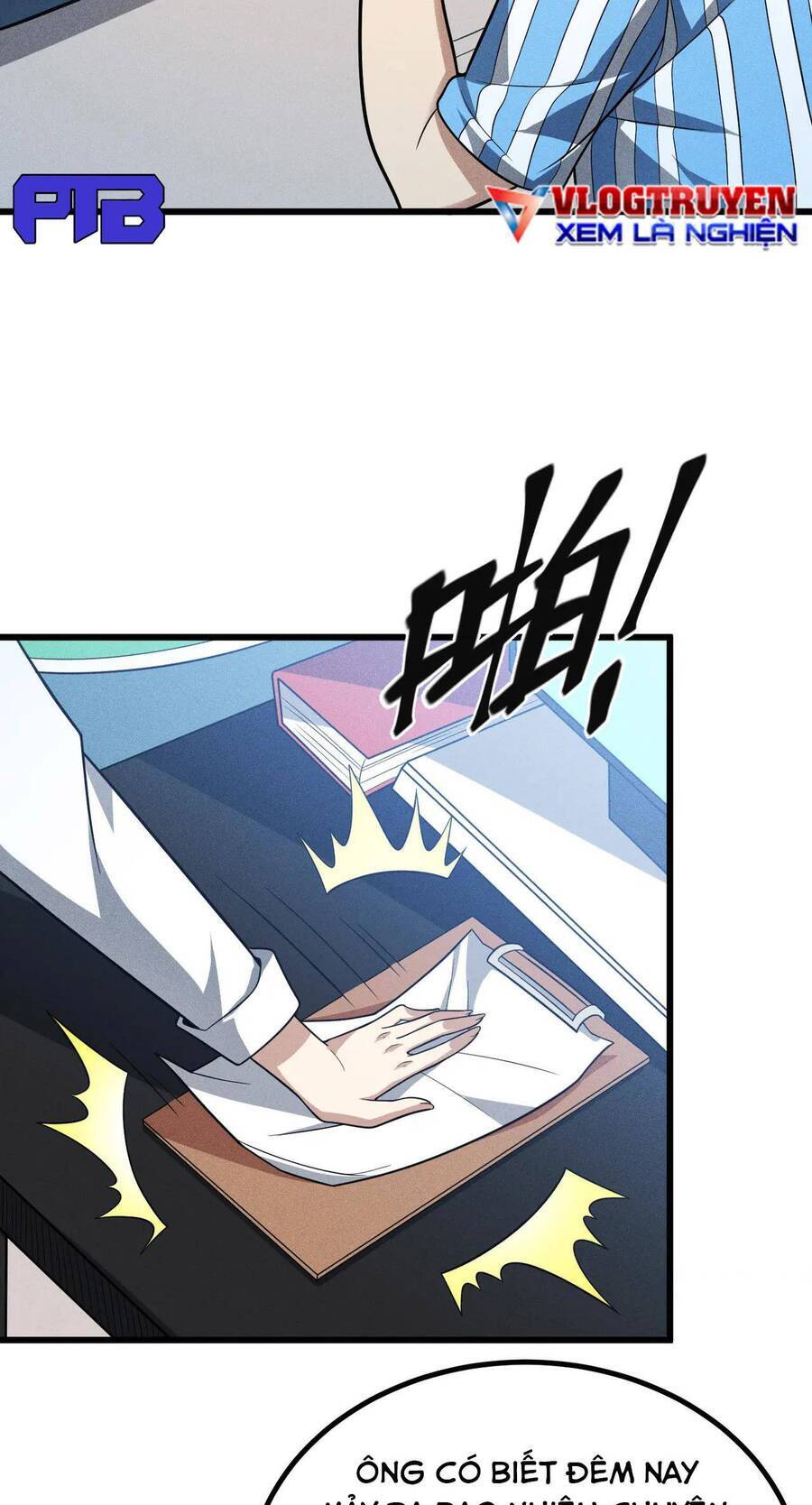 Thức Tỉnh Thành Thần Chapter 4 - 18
● ● ● ●
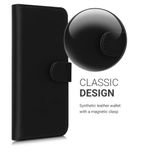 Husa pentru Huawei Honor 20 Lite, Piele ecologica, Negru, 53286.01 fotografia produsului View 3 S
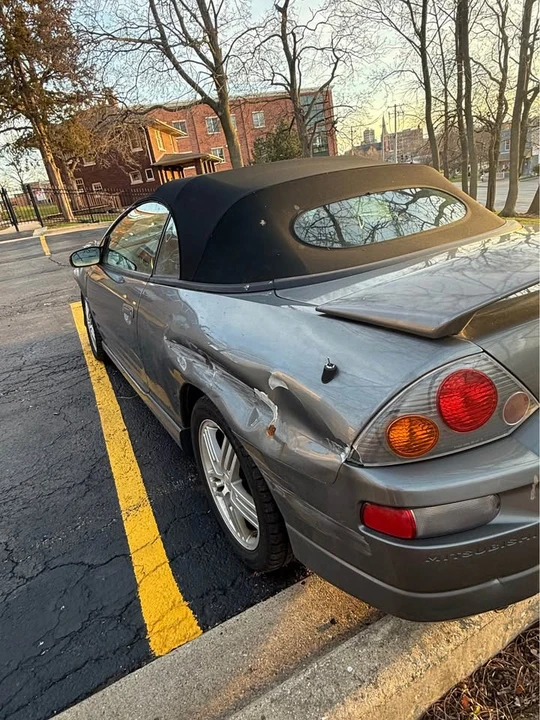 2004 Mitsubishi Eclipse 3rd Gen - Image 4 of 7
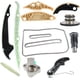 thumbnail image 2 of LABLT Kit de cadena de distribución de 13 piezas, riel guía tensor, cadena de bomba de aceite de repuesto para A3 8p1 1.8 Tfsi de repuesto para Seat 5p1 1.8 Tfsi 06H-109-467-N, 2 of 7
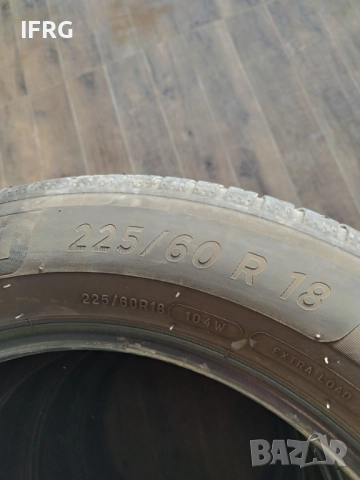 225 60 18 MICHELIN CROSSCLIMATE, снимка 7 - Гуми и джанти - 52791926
● ● ● ●
**WHAT YOU SHOULD DO**:
Work from the entries above. Set down exactly and only the lines from the line with "thumbnail image 2" to the line with "225 60 18 MICHELIN", both included, and leave the pictures out.

**ANSWER BOX**:
 thumbnail image 2 of LABLT Kit de cadena de distribución de 13 piezas, riel guía tensor, cadena de bomba de aceite de repuesto para A3 8p1 1.8 Tfsi de repuesto para Seat 5p1 1.8 Tfsi 06H-109-467-N, 2 of 7
 225 60 18 MICHELIN CROSSCLIMATE, снимка 7 - Гуми и джанти - 52791926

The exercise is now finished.